» **Exercise prompt**: Once you find the line containing "Mimax Peel-and-Stick Baseplates", set down exactly that line and every one after it through the end of the listing below, with both ends included and any pictures omitted.
Data block below:
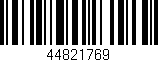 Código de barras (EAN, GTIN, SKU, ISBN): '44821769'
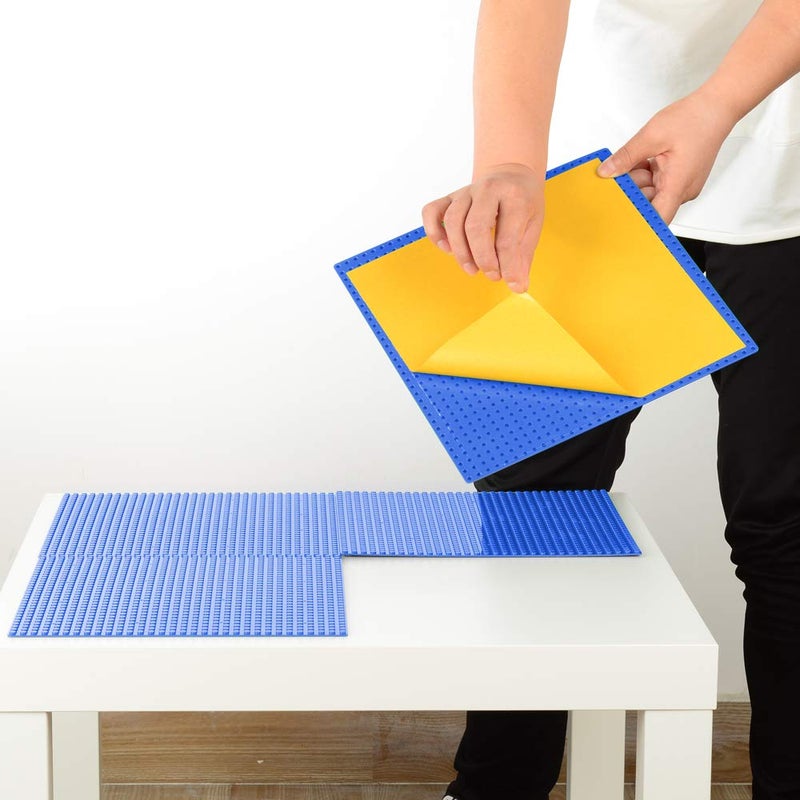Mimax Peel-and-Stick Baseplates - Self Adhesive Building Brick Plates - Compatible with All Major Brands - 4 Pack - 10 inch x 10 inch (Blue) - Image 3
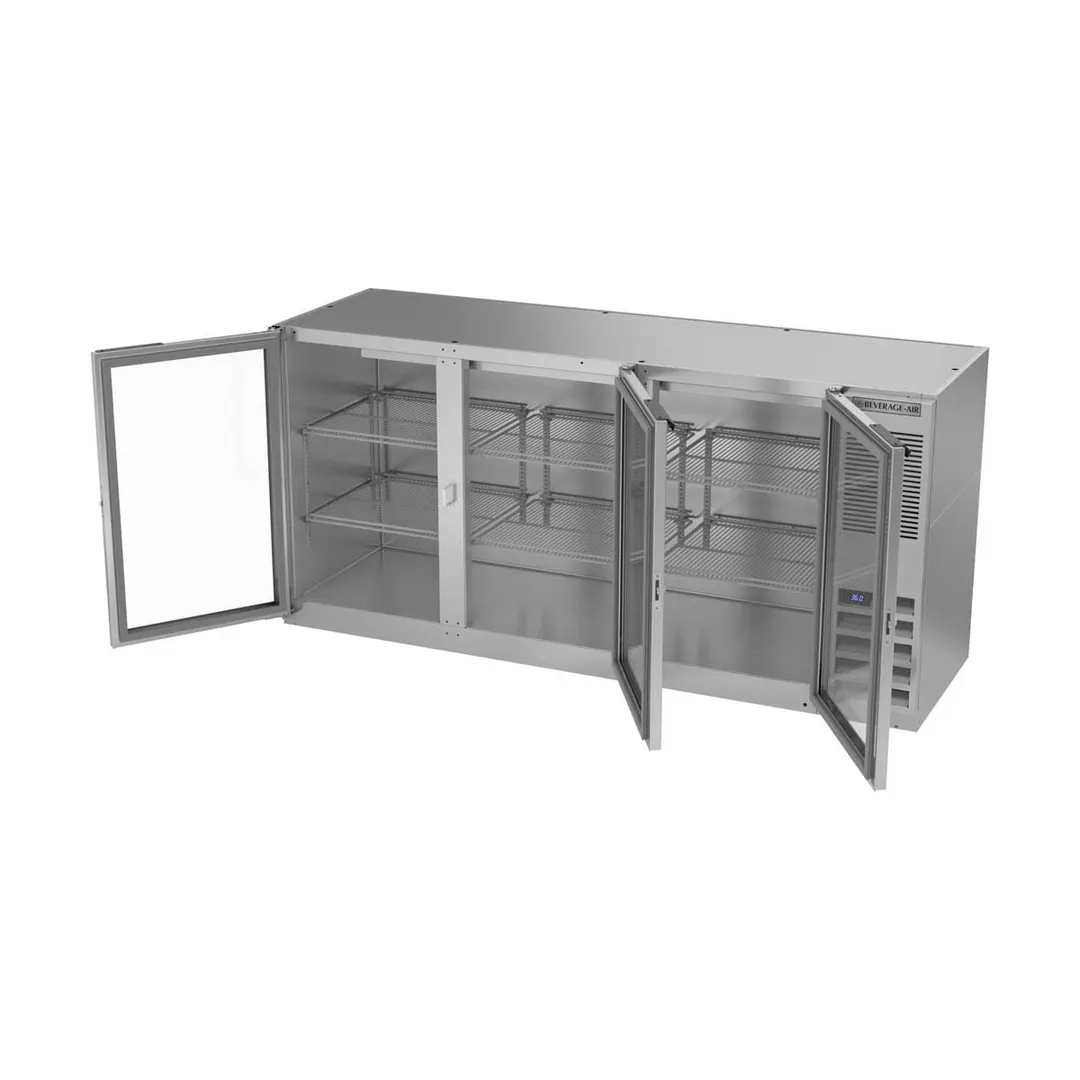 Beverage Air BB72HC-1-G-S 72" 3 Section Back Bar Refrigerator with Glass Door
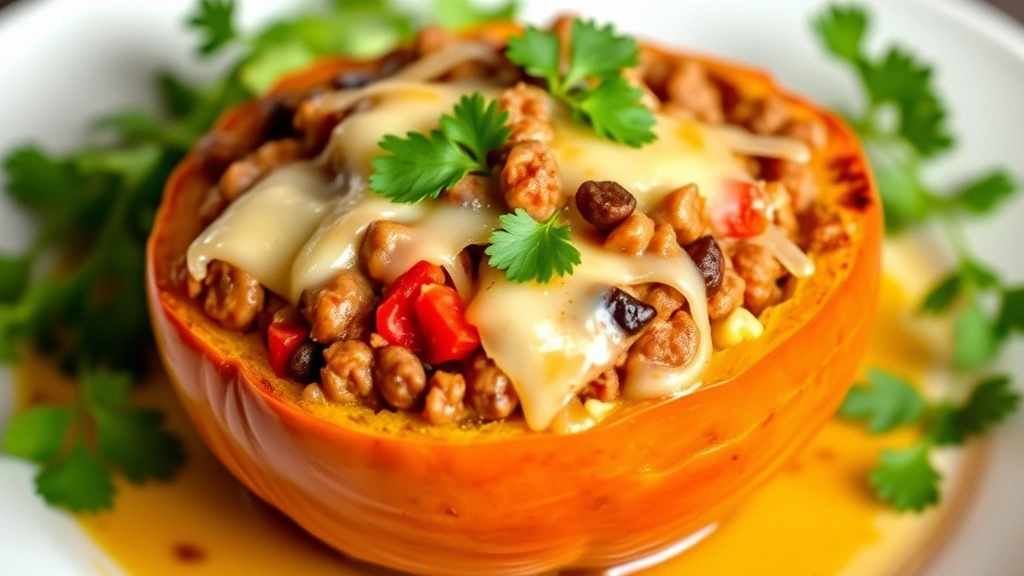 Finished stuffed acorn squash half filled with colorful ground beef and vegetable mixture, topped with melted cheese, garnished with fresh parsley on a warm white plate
End of Data block.
» **Answer to this problem**:
Mimax Peel-and-Stick Baseplates - Self Adhesive Building Brick Plates - Compatible with All Major Brands - 4 Pack - 10 inch x 10 inch (Blue) - Image 3
 Beverage Air BB72HC-1-G-S 72" 3 Section Back Bar Refrigerator with Glass Door
 Finished stuffed acorn squash half filled with colorful ground beef and vegetable mixture, topped with melted cheese, garnished with fresh parsley on a warm white plate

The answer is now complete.